Author | Robert Rankin |
---|---|
Cover artist | Ian Murray |
Country | Great Britain |
Language | English |
Genre | Fantasy novel |
Published | 1996 (Doubleday) |
Media type | Print (Hardcover & Paperback) |
ISBN | 978-0552143554 |
Nostradamus Ate My Hamster is a fantasy novel by British author Robert Rankin. In it, several seemingly unconnected and nonsensical events come together to make perfect clarity at the end; these include time travel and an attempted alien invasion vaguely orchestrated by Hitler. [1] [2] [3] [4] The title is a reference to the infamous tabloid headline, "Freddie Starr ate my hamster".
The plot centers on the aptly named Russell Nice, stuck in a dead-end job at a movie prop selling business, discovering holographic equipment from the future that allows the holder to create lifelike holograms of any movie star they want. Eventually, he becomes entangled in a mass of deceit, lies, and betrayal, all of which centers on a demon-god with an insect face, and Hitler, who is stuck in the present time with his SS bodyguards, intending to make a film that will influence the world to follow Hitler and his ideals. During his time travel, Russell discovers that the creature has disposed of traditional heroes Jim Pooley and John Omally before its attack; they would normally defend Brentford from the threat the creature posed, but as it exists outside the natural order it is able to destroy them before they can take action against it.

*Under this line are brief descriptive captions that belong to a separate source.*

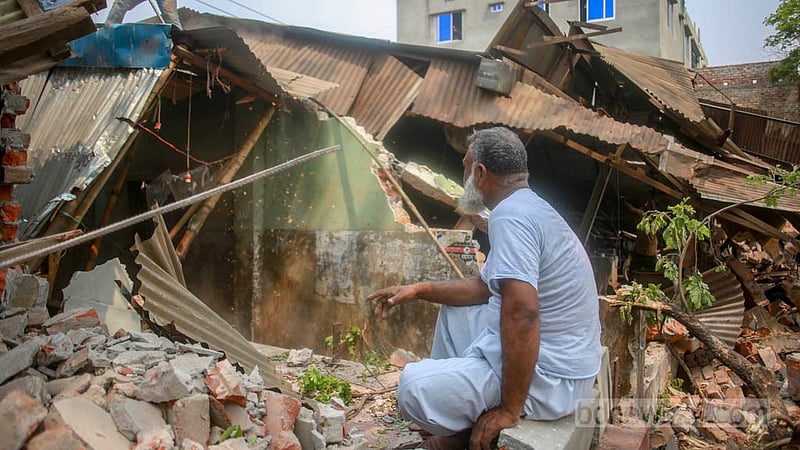 বুড়িগঙ্গা নদীর সীমানা পিলারের ভেতরে থাকা অবৈধ স্থাপনা উচ্ছেদে মঙ্গলাবার অভিযান চালায় বিআইডব্লিউটিএ। কামরাঙ্গীরচরের মাতবর বাজার এলাকার মোহাম্মদ মনিরের স্থাপনাও ভাঙা পড়ে এই অভিযানে, ধ্বংসাবশেষের মাঝে বসে থাকতে দেখা যায় তাকে।&amp;nbsp;ছবি: তাওহীদুজ্জামান তপু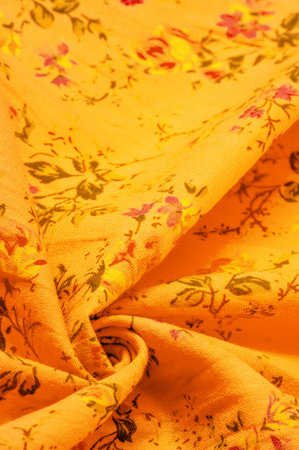 Yellow orange cotton fabric with floral print. Buy floral prints from independent artists and iconic brands. Texture, background,の写真素材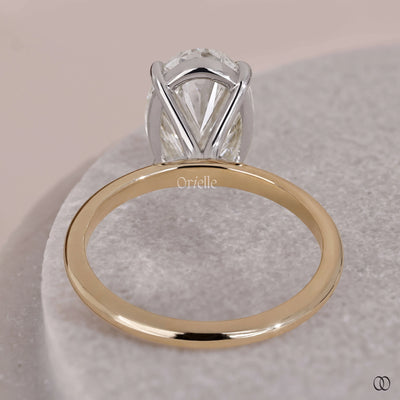 4 prong diamond ring oval solitaire design
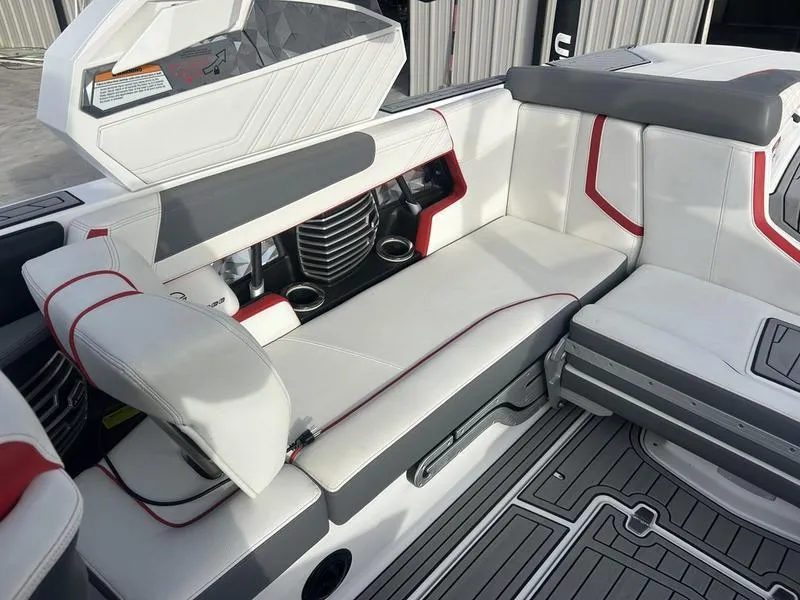 Slide: The Image of 2019 Nautique Super Air G23 interior with white and red seating, cup holders, and sleek design. - 4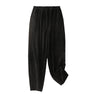 Black corduroy women's harem pants with elastic waist displayed against white background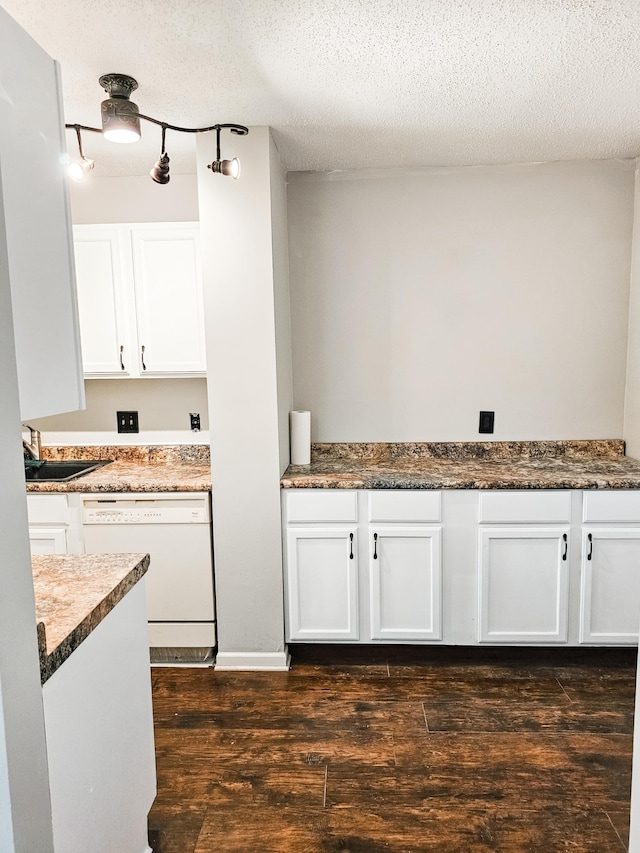 kitchen featuring dishwasher, a textured ceiling, white cabinets, and dark hardwood / wood-style floors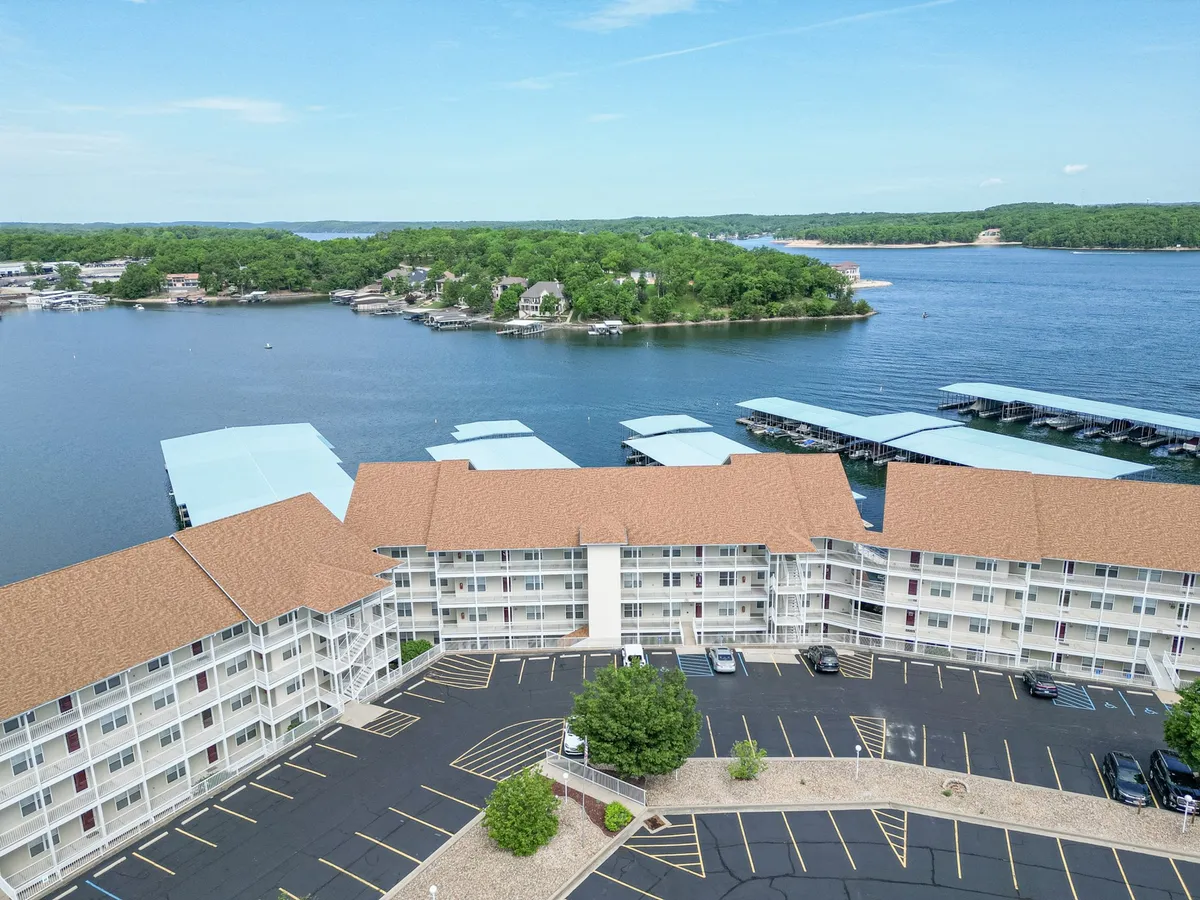 This exterior image showcases the waterfront, marina, hotel structure, and parking area, capturing the essence of lakeside living and water-based activity. The view reveals sparkling water, boats docked at the marina, and the overall inviting atmosphere of the lakeshore.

Finding himself unable to simply destroy the film or prevent it being made, Russell decides to use the time-travel belts that Hitler's forces had acquired to establish himself as a major film producer in the present, thus ensuring that he will be the one that Hitler's men bring the film to, allowing him to destroy it before it is released. This victory, due to the temporally active nature of the conflict, apparently erases Russell's struggle, and the novel ends with Jim Pooley and John Omally discussing the story in the Flying Swan as a man who appears to be Russell enters the bar, and begins to talk with an attractive waitress.
The Brentford Trilogy is a series of twelve novels by writer Robert Rankin. They humorously chronicle the lives of a couple of drunken middle-aged layabouts, Jim Pooley and John Omally, who confront the forces of darkness in the environs of West London, usually with the assistance of large quantities of beer from their favourite public house, The Flying Swan.
Robert Fleming Rankin is a prolific British author of comedic fantasy novels. Born in Parsons Green, London, he started writing in the late 1970s, and first entered the bestsellers lists with Snuff Fiction in 1999, by which time his previous eighteen books had sold around one million copies. His books are a mix of science fiction, fantasy, the occult, urban legends, running gags, metafiction, steampunk and outrageous characters. According to the biography printed in some Corgi editions of his books, Rankin refers to his style as 'Far Fetched Fiction' in the hope that bookshops will let him have a section to himself. Many of Rankin's books are bestsellers.